Aloha -
I've run into a real kernel-level problem with 'netmsg'.
It's related to the libpager issue. The problem arises when a process gets
an unworkable memory object and tries to vm_map it. This causes the
mach_msg() that sent the vm_map to block indefinitely, even though I've
specified MACH_SEND_TIMEOUT with a zero timeout.
More specifically, the process in question is the exec server. It gets a
memory object from the file server to read a file, then uses it to map the
file into a remote task. This causes a vm_map to go across the network
connection. The kernel, upon receiving the vm_map, sends a
memory_object_init message, and then blocks waiting for the reply.
The block occurs in vm_object_copy_strategically(), which is labeled in its
comments "[t]his operation may block". Almost the first thing it does it
to wait for the memory object to become ready.

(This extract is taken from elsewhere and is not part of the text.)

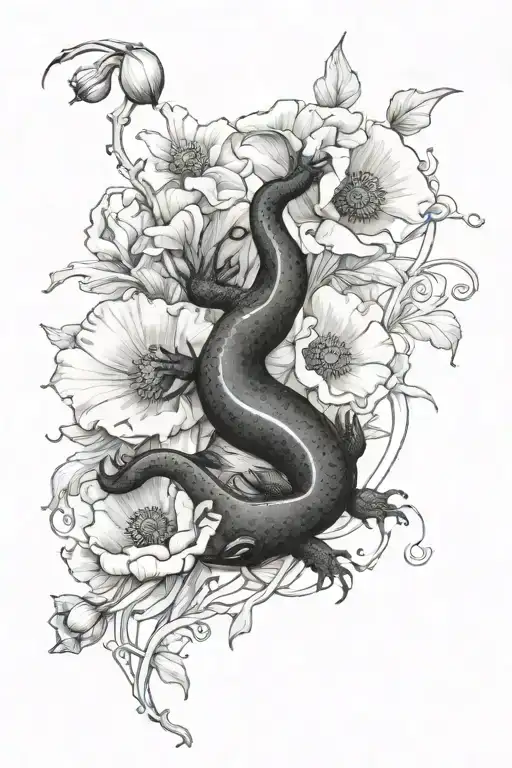 salamander and poppy tattoo design idea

In our case, libpager already has a different client, so the memory object
never becomes ready.
The big problem, as I see it, is that mach_msg() is blocking, and that
hangs my entire thread. It seems to me that these low-level RPC operations
like vm_map can't block, otherwise it would defeat the purpose of
MACH_SEND_TIMEOUT. So vm_map() should record the mapping and then return,
putting the copy operation on some kind of queue. I guess.
Any thought on how to resolve this?
agape
brent